The most important point is that this is done without any cutting. The patient lies in an MRI scanner while the ultrasound is directed with great accuracy. Many people find this idea less daunting than an operation that involves opening the skull or placing implants.
The study reports that many people treated in this way show a clear improvement in their movement. Some have less tremor, less stiffness and fewer unwanted movements. In several cases, people were able to reduce their Parkinson’s medication after treatment. The results are encouraging and suggest that focused ultrasound could become an important option for those who cannot get enough relief from tablets alone.
There are risks, as with any medical treatment. Some people experienced problems with balance, speech or tiredness after the procedure. In many cases these issues settled with time, but not always. Treating both sides of the brain may increase the chance of side effects, so researchers are being cautious and are studying this stage very carefully.
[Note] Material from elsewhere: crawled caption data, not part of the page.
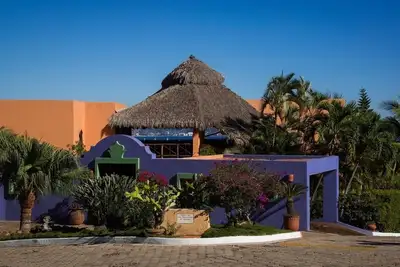 Image de Charming 4br La Punta Villa surplombant la baie de Manzanillo avec piscine à débordement
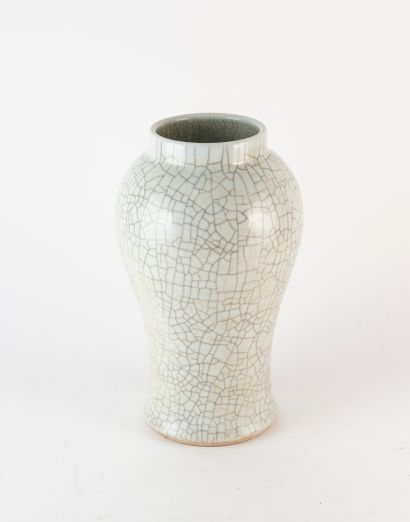 CHINE Vase en porcelaine.

Marque au revers.

H. : 30,5 cm.

On joint :

- Une paire...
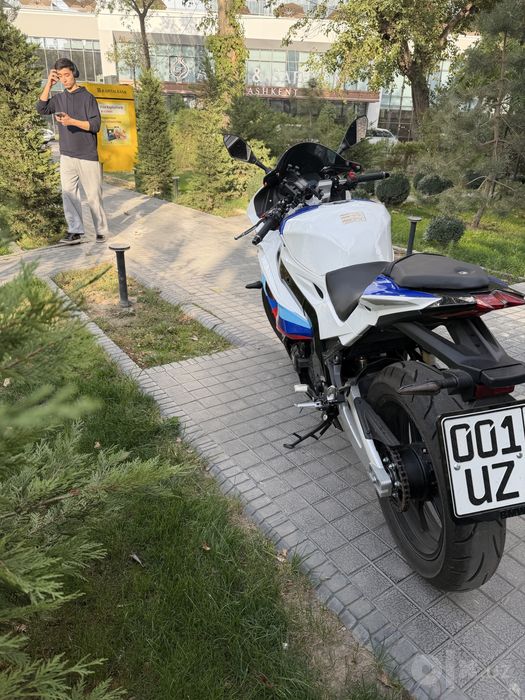 Moto BMW S1000RR 400 kub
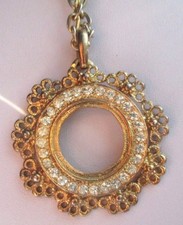 collier pendentif chaîne bijou vintage rosace couleur or cristaux diamant 797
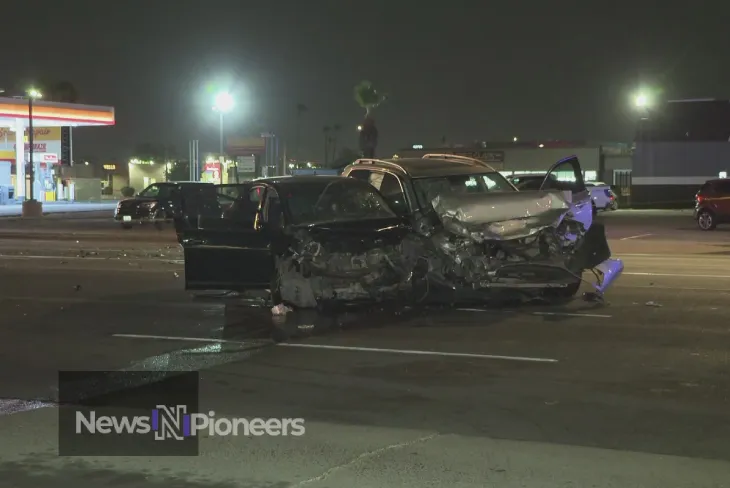 A serious Phoenix car accident on a busy highway with emergency vehicles responding.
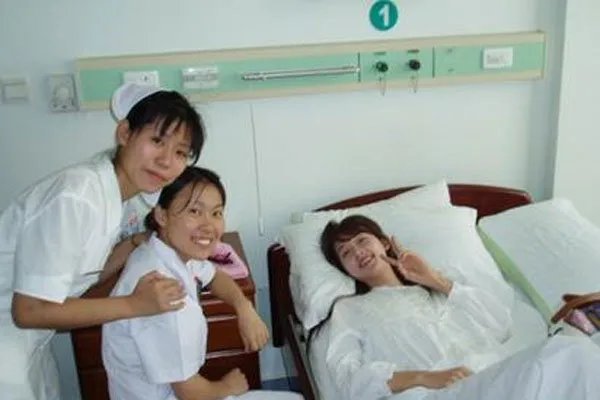 林志玲的胸爆了怎么回事 时大时小离塌方不远了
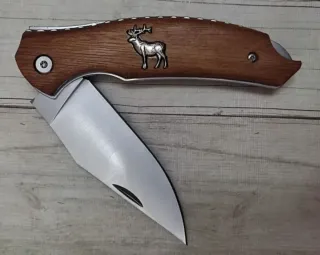 OFERTA. SET "CIERVO" MADERA CON FUNDA DE REGALO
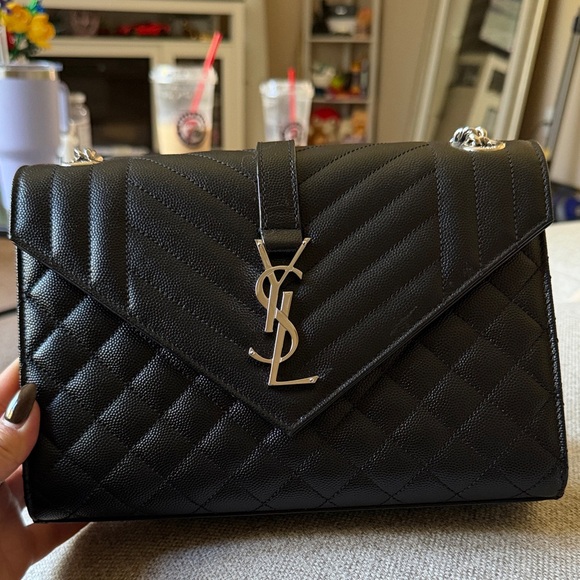Yves Saint Laurent Black Chevron Shoulder Bag - Picture 1 of 3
The wider picture is also interesting. In the United States this treatment has already been approved for clinical use. People can receive the treatment on one side of the brain and, when suitable, return later for treatment on the other side. In Europe the treatment is already available in a number of centres, although it is not yet widely offered. Access depends on specialist teams, the right equipment and careful patient selection.
For people living with Parkinson’s, this is a promising development. It may offer a meaningful reduction in symptoms without the commitment of implanted devices or open surgery. It is not a cure and it will not stop the condition progressing, but it may make daily life easier for carefully chosen patients.
The study also reminds us that research in this area is moving fast. New trials, larger groups of patients and longer follow up periods will help doctors understand who will benefit most and how safe the treatment remains over many years.
Overall, focused ultrasound tractotomy represents an exciting step forward. It is still developing, but the progress so far shows how rapidly Parkinson’s treatment is evolving and how new options may become available for people who need them most.